(Pictures with short captions)

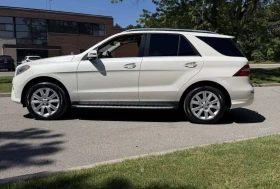 Mercedes-Benz ML 350 D * AMG * ПАНО * НА ПРУЖИНИ * CARFAX *  - 13800 € / 26990.45 лв. - 14853544 2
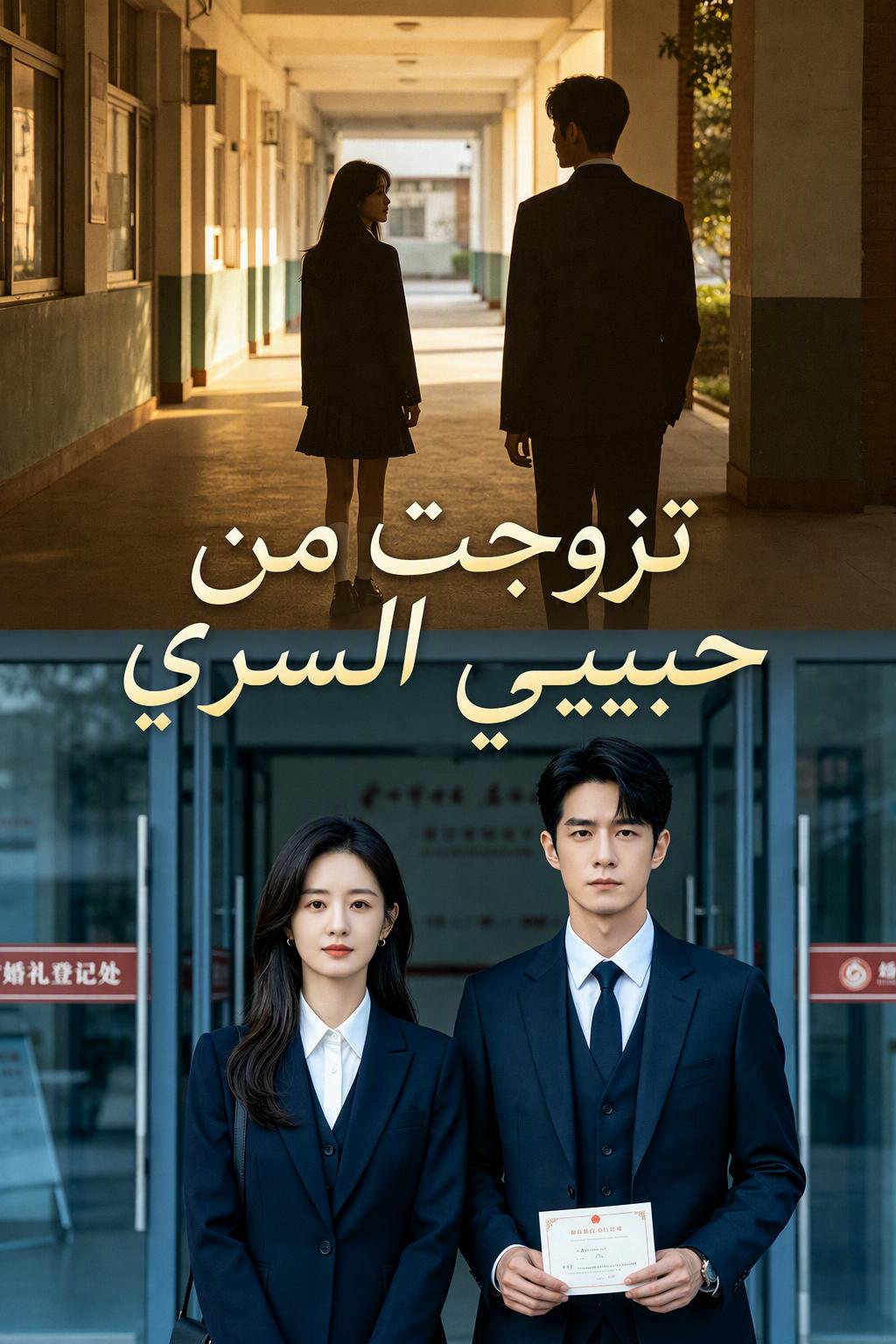 تزوجت من حبيبي السري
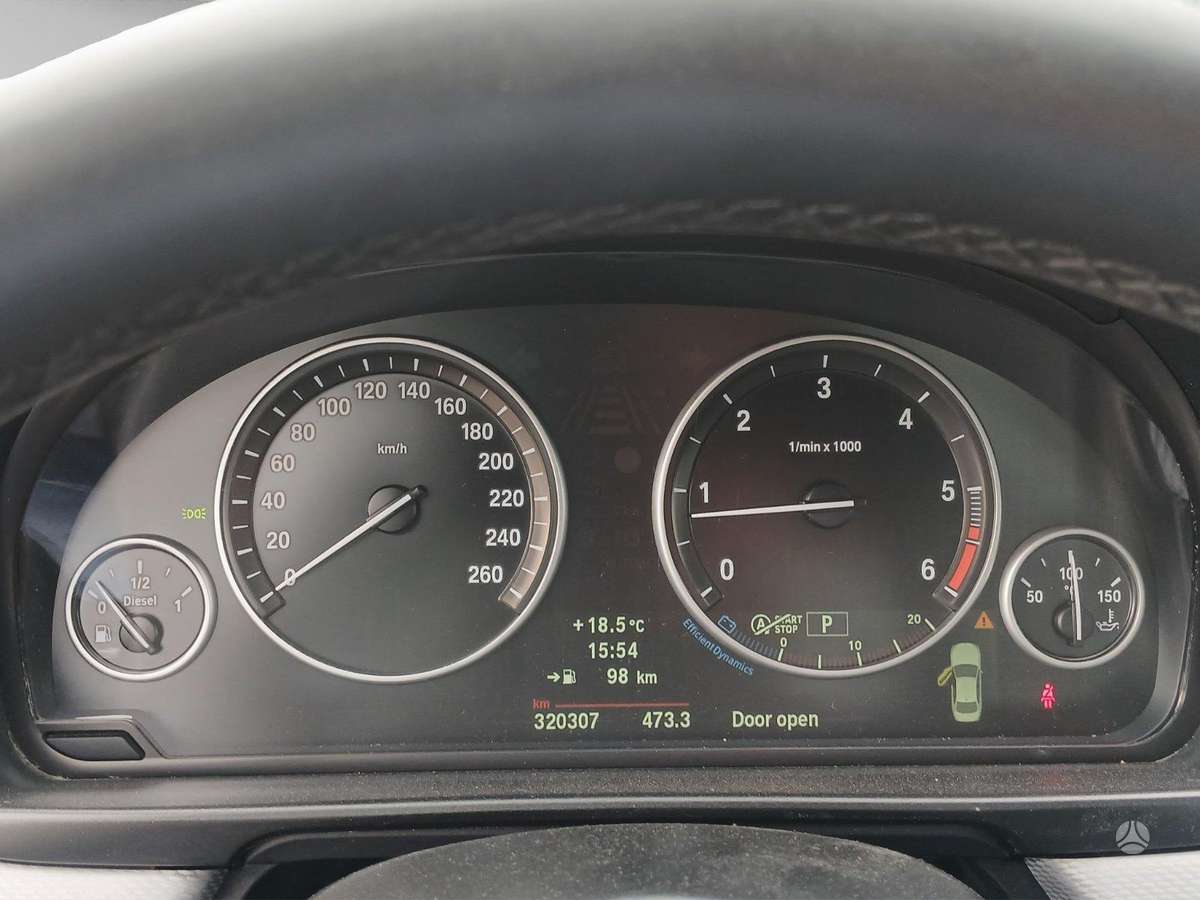 BMW 520, 2.0 l., Седан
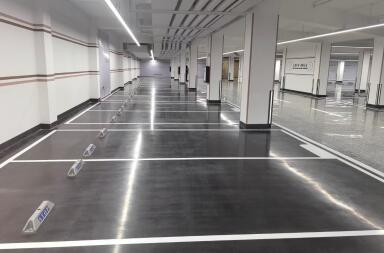 如何確定車位劃線的具體位置和數量？4 步搞定規劃難題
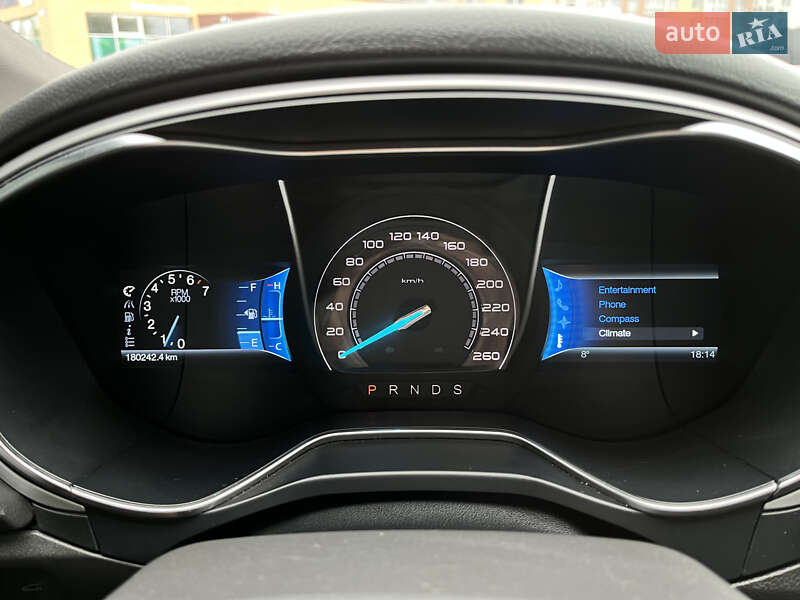 Седан Ford Fusion 2014 в Житомире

# Task item
Starting at the line that contains "如何確定車位劃線的具體位置和數量？4 步搞定規劃難題", retype each line through the end of the data exactly, and leave out every picture.

# Reply to the exercise
 如何確定車位劃線的具體位置和數量？4 步搞定規劃難題
 Седан Ford Fusion 2014 в Житомире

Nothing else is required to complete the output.